By painting the picture of Ms. Quinn as the vulnerable and weak litigant, and Ms. Carrigan as the powerful one, the Divisional Court decided that Ms. Quinn should receive the maximum amount suggested by the SSAG. This award came to $550,000, which, on its own, is considerably higher than the $350,000 that Ms. Quinn was awarded at trial.

The Divisional Court went further to evaluate the moral claims of the dependants.14 2 SCR 807, a dependant’s relief analysis is not limited to a needs-based economic analysis.] Ms. Quinn’s moral claims were valued as lower than Ms. Carrigan’s moral claims. The basis for this was the unimplemented intentions of the deceased, which was to leave the majority of his estate to Ms. Carrigan, as well as the ultimate inheritance of the deceased’s estate by Mr. Carrigan’s children and grandchildren, which would be implemented through the eventual transfer of Ms. Carrigan’s estate.15 Ms. Quinn’s moral claims against the estate were valued at $200,000, bringing her total award to $750,000.

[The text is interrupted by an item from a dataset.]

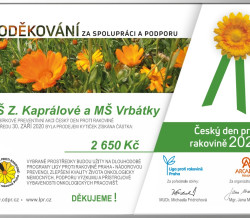 Den proti rakovině 2020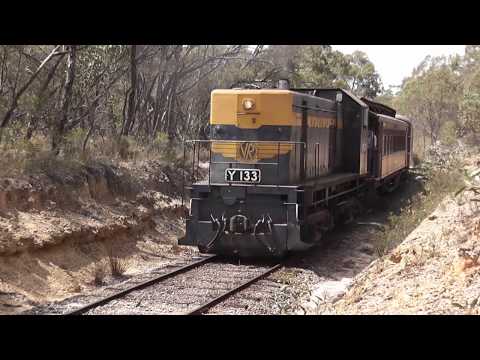 Victorian Goldfields Railway - Victorian Railways Y Class Locomotive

Identifying and Valuing Claims of Non-Dependants

The non-dependant adult daughters were found to have no moral claim to the estate beyond their legal claim, which comprised of a bequest of $10,000 each, as well as a one-third share of Mr. Carrigan’s pension death benefit, which was valued at $1 million.

Balancing Competing Claims

At paragraph 149 of Quinn, the Divisional Court described that the final step in the quantum analysis must account for the following facts:

  • the size of the estate;
  • the strength of the claims; and,
  • the intentions of the deceased.

The objective at this final step is to “arrive at a judicious distribution of the estate”.16

While the Divisional Court pointed out that, “in some cases it might be appropriate to apply a small discount to support claims so that there may be some recognition of moral claims that would otherwise go unacknowledged,”17 this was not necessary in Quinn. The Divisional Court strongly emphasized that the size of the estate allowed for all legal and moral entitlements to be paid.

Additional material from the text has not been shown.